Friday, February 5, 2016

Bankrupted By 0% Poverty Capital

Oil companies over-invested in excess capacity using 0% poverty capital, and now they're going bankrupt...shit happens.

It's called deflation aka. "poverty", something the dunces at the top haven't figured out yet. They think that deflation means lower prices at Best Buy. There's no free lunch:




REVENUE = PRICE x QUANTITY
Oil producers are locked in mutual assured bankruptcy. As it is in the poverty trap, when price goes down, quantity must go up. Producers are locked in a death spiral - the lower oil prices go, the more is produced. The marginal cost of producing an incremental barrel of oil for existing wells is the limit approaching zero...





Most of the costs associated with pumping oil are fixed costs or worse yet, sunk costs (in the past). So as long as the cost per barrel covers the variable costs, which are extremely low, they will continue pumping. Especially when they're behind on their "loans". They have a choice to go out of business slowly or immediately. 

Global output is rising, even as prices fall - as the poverty trap would predict, or cost accounting 101 for that matter:



There's a lot of "blame" to go around...but this article exhibits why fixed costs are EXACERBATING the problem. If there were no fixed costs, all "non-economic" oil production would shut down immediately, but unfortunately, shutting down doesn't eliminate the fixed costs. Even in bankruptcy protection, these companies would pump oil. 

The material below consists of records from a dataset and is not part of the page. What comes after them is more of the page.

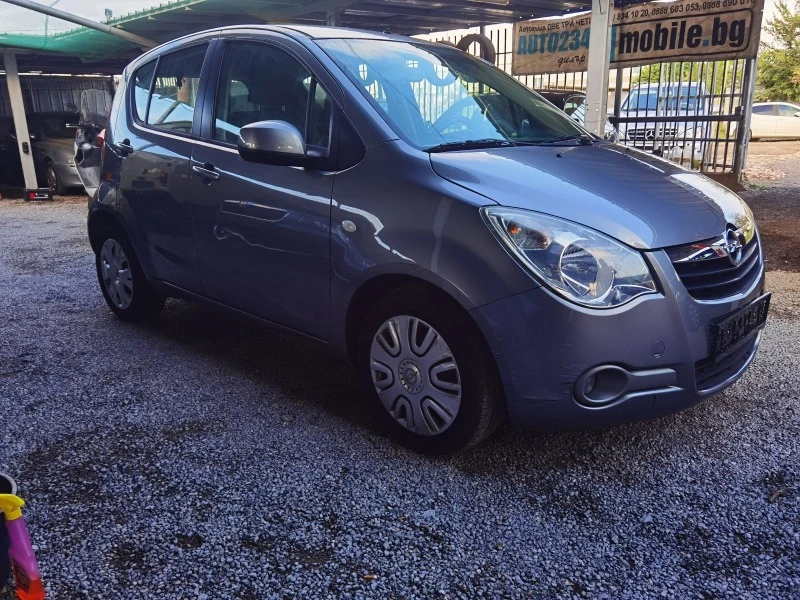 Opel Agila 1.2i Автомат , снимка 3 - Автомобили и джипове - 46401507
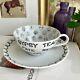 Rare Vintage Gypsy Tea Leaf Reading Teacup And Saucer 1959 Originality Plus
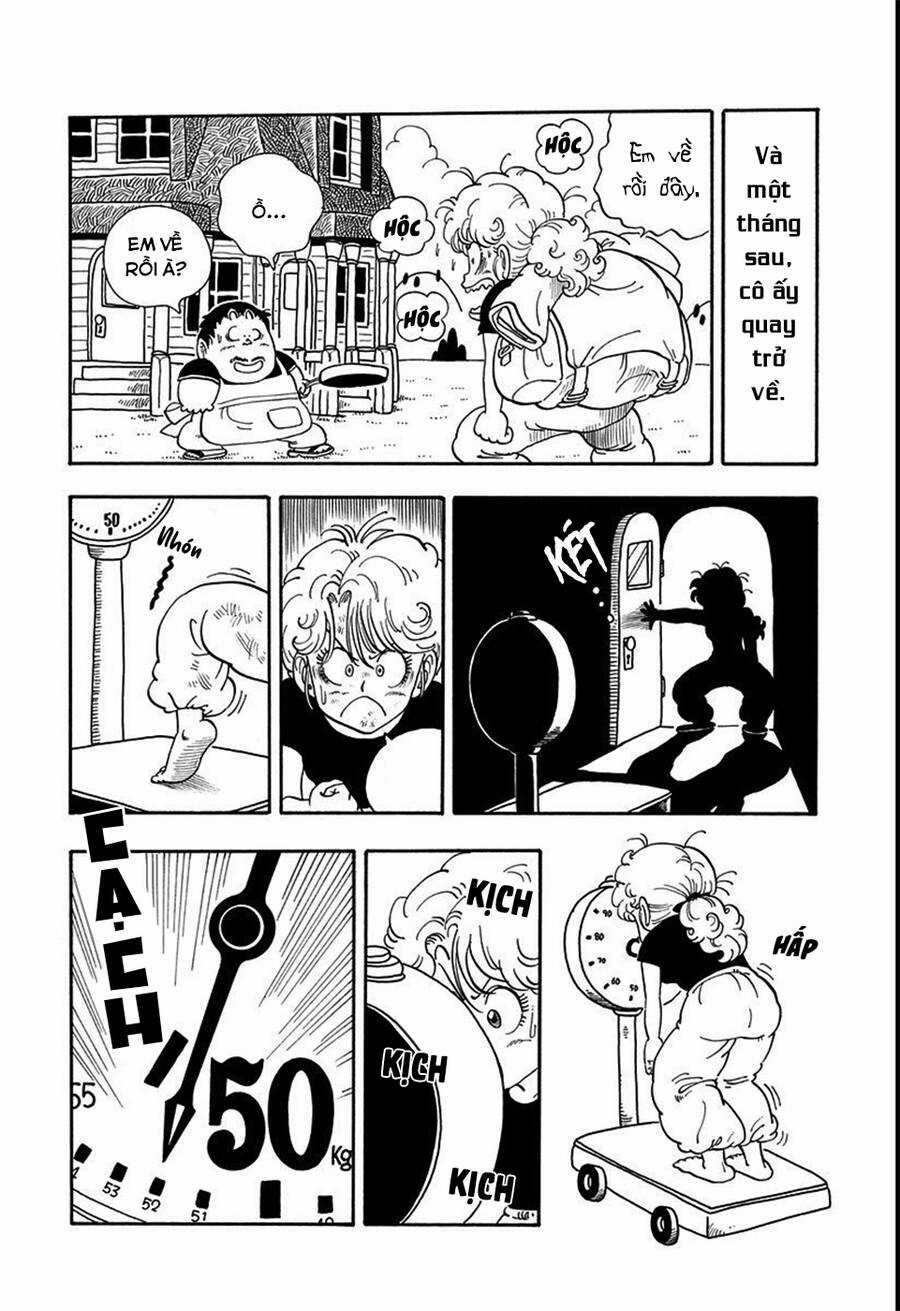 Tiến Sĩ Slump Chapter 176 trang 10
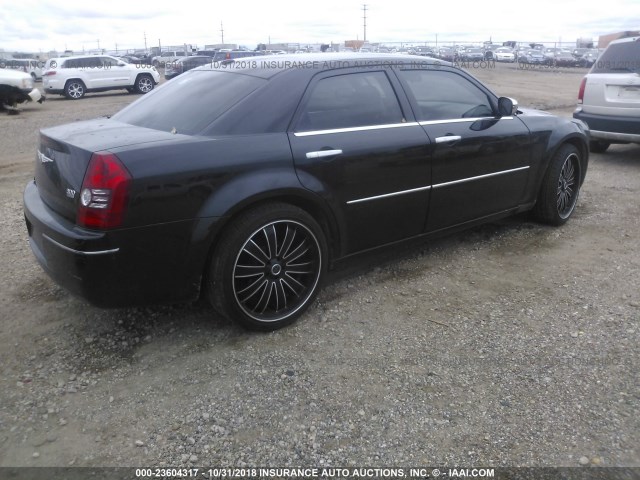 2C3CA5CV6AH180276 - 2010 CHRYSLER 300 TOURING BLACK photo 4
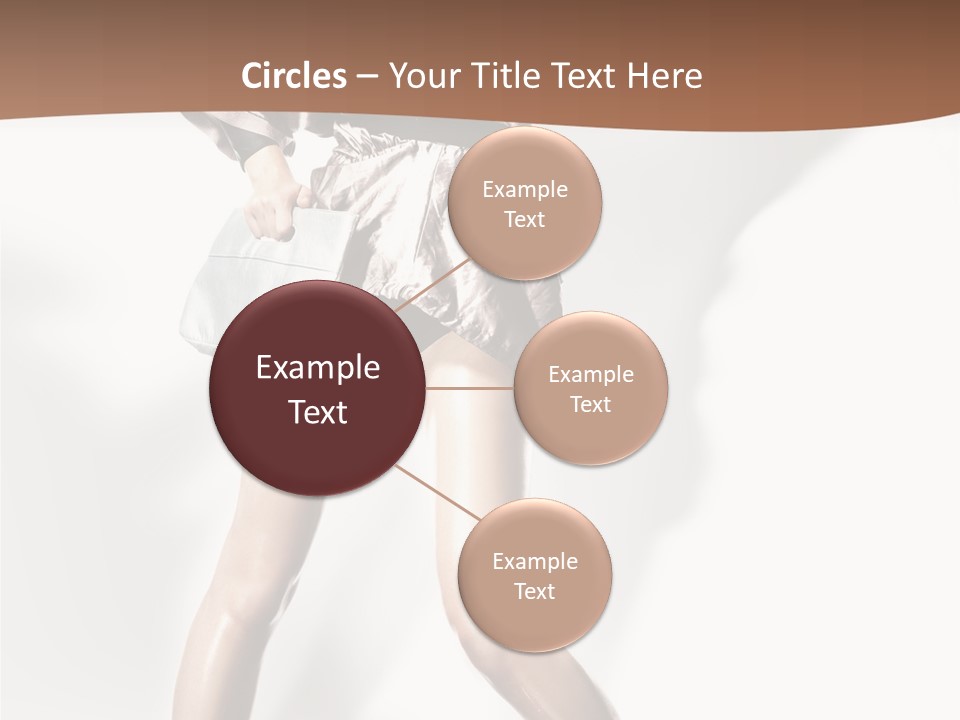 Head Pose Pretty PowerPoint Template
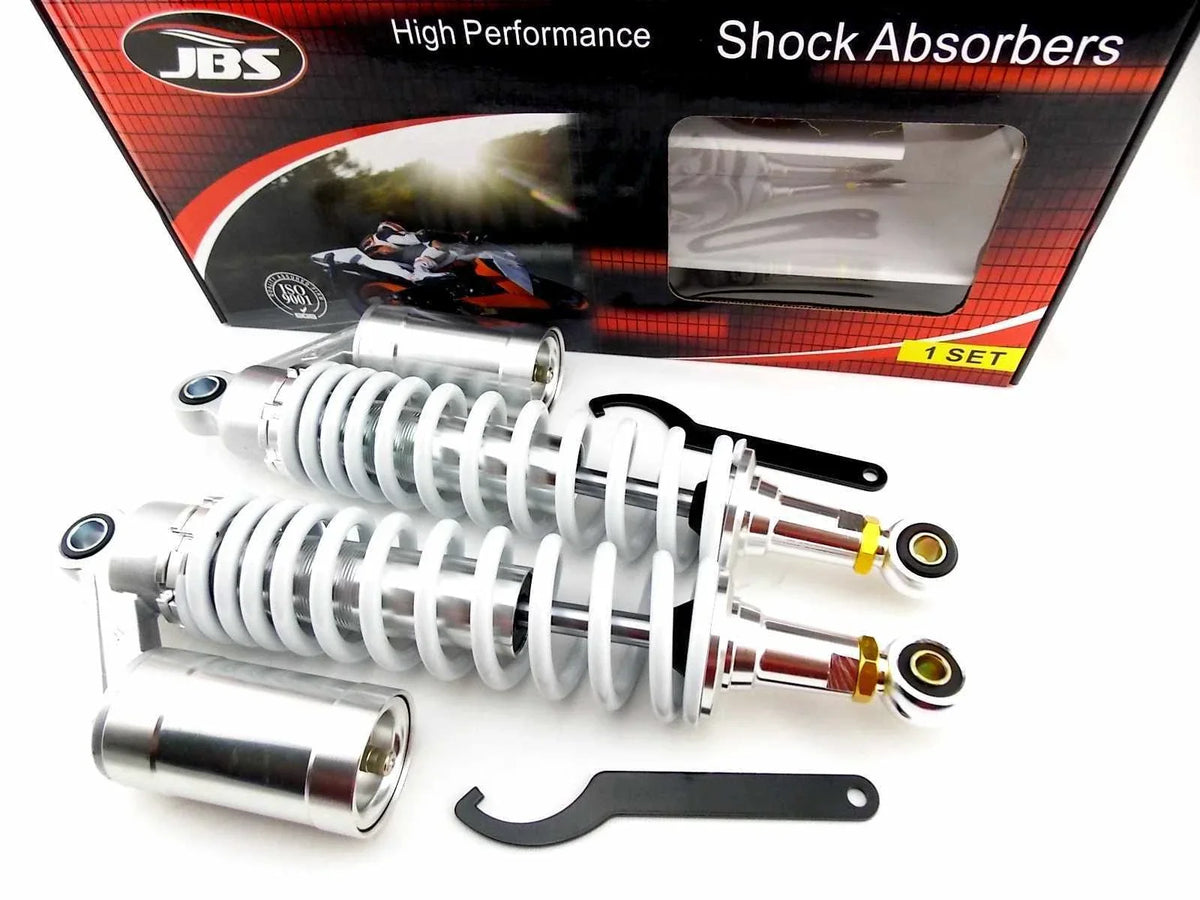 13.75" JBS Nitrogen Shock Absorbers for Harley Davidson XLH1200 Sportster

"Morgan Stanley analysts project that Western Canadian crude volumes will rise at a compound annual rate of 4 percent through 2017. Increased production at recently completed facilities, and five major projects slated to be finished this year, will push total volume yet higher, they estimate. Canadian crude volume is expected to continue increasing through 2018 with the Fort Hills mine and Horizon expansion."